- **The problem**:
What is needed is a word-for-word copy of every record below, minus the pictures.

** Opening Available data block **

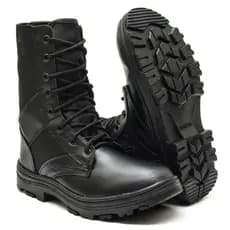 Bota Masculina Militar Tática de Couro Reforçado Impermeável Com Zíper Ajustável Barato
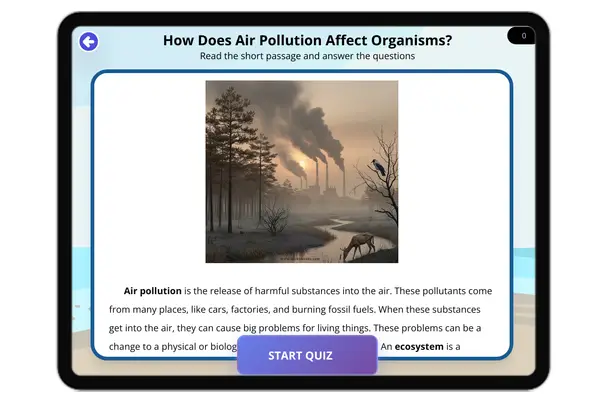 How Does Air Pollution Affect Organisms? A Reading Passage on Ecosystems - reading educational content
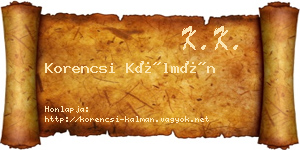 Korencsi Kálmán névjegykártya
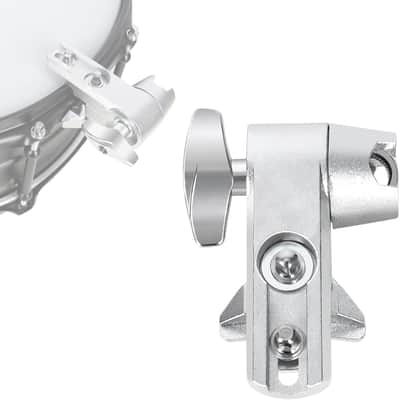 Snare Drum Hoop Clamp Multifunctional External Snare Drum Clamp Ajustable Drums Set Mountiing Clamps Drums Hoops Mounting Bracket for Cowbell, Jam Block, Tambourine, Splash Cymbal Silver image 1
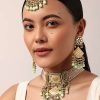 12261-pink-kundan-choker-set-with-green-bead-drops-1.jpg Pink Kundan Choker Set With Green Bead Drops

** Closing Available data block **

- **Written response**:
 Bota Masculina Militar Tática de Couro Reforçado Impermeável Com Zíper Ajustável Barato
 How Does Air Pollution Affect Organisms? A Reading Passage on Ecosystems - reading educational content
 Korencsi Kálmán névjegykártya
 Snare Drum Hoop Clamp Multifunctional External Snare Drum Clamp Ajustable Drums Set Mountiing Clamps Drums Hoops Mounting Bracket for Cowbell, Jam Block, Tambourine, Splash Cymbal Silver image 1
 12261-pink-kundan-choker-set-with-green-bead-drops-1.jpg Pink Kundan Choker Set With Green Bead Drops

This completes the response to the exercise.